21 Durant le cours, ont été développées pour parts égales les notions d’appropriation et de plurilinguisme. La répartition des énoncés par notions fait apparaitre une très large majorité concernant celle d’appropriation, avec 45 énoncés, pour 5 énoncés seulement portant sur celle de plurilinguisme et 11 concernant les liens entre elles. Cet écart mérite d’être considéré de plus près. Nous supposons que cette fréquence tient à la focalisation sur l’enseignant dans l’extrait du texte de Martinez.

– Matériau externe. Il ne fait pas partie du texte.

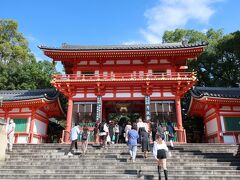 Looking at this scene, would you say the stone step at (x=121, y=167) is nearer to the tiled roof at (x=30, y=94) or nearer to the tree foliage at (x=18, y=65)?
the tiled roof at (x=30, y=94)

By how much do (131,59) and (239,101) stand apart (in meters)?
9.84

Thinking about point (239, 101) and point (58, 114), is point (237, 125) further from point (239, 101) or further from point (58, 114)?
point (58, 114)

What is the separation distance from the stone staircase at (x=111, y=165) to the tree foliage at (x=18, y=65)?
19113mm

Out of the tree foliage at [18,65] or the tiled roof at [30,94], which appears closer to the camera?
the tiled roof at [30,94]

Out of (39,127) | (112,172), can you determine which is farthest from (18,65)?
(112,172)

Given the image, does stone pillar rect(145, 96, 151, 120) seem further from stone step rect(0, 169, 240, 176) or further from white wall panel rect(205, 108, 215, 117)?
stone step rect(0, 169, 240, 176)

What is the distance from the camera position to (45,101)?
69.1 feet

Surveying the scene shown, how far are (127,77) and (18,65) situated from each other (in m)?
17.8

La notion d’appropriation dans les verbatims des étudiants

22 Dans le couple enseignement-apprentissage qui guide l’appropriation des langues- cultures, les étudiants mettent le curseur sur l’enseignant et sur ses rôles, non sur le processus de médiation ou sur l’appropriation du côté de l’élève, bien que ces aspects aient été abordés en cours.

23 Comme l’ont montré les nuages de mots (cf. Annexe, Figure 1. et Figure 3.), l’enseignant est mis en avant au travers de son action didactique. La vision qui ressort des textes produits est assez mécaniste avec des listes de verbes pour qualifier le travail enseignant, comme « concevoir et piloter les enseignements », « modifier les représentations », « enseigner », même si certaines tâches s’avèrent dynamiques comme

« accompagner les élèves », « guider ». La caractérisation de la mission de l’enseignant est fortement modélisée. On peut la référer au poids des diverses disciplines au cours de la formation, dans la mesure où celles-ci entretiennent une vision du métier partagée dans un Inspé. Plusieurs formulations sont importées d’autres cours, identiques entre elles, et n’ont pas été débattues précisément dans cette UE.

24 Les verbes qualifiant les rôles de l’enseignant sont très majoritairement accompagnés de formules injonctives du type « il faut… », « l’enseignant doit… », « il est amené à… », « il convient surtout de… ». L’emploi des modaux constitue un dispositif de fermeture, dans lequel l’enseignant ne dispose guère d’espace pour l’imprévu ou l’humain.

25 Cette activité évaluative donne l’impression d’être une reprise, une récitation de cours, un propos assez convenu, avec une faible implication personnelle des groupes. On y constate l’effet des évaluations centrées sur les contenus.

La notion de plurilinguisme dans les verbatims des étudiants

26 La notion de plurilinguisme nous paraissait centrale durant la formation et nous avions la conviction qu’elle constitue le fer de lance d’une approche des langues-cultures respectueuse de la diversité. Or il s’est avéré au moment de l’évaluation que les copies ne comportaient que peu d’indications strictement reliées à la notion de plurilinguisme.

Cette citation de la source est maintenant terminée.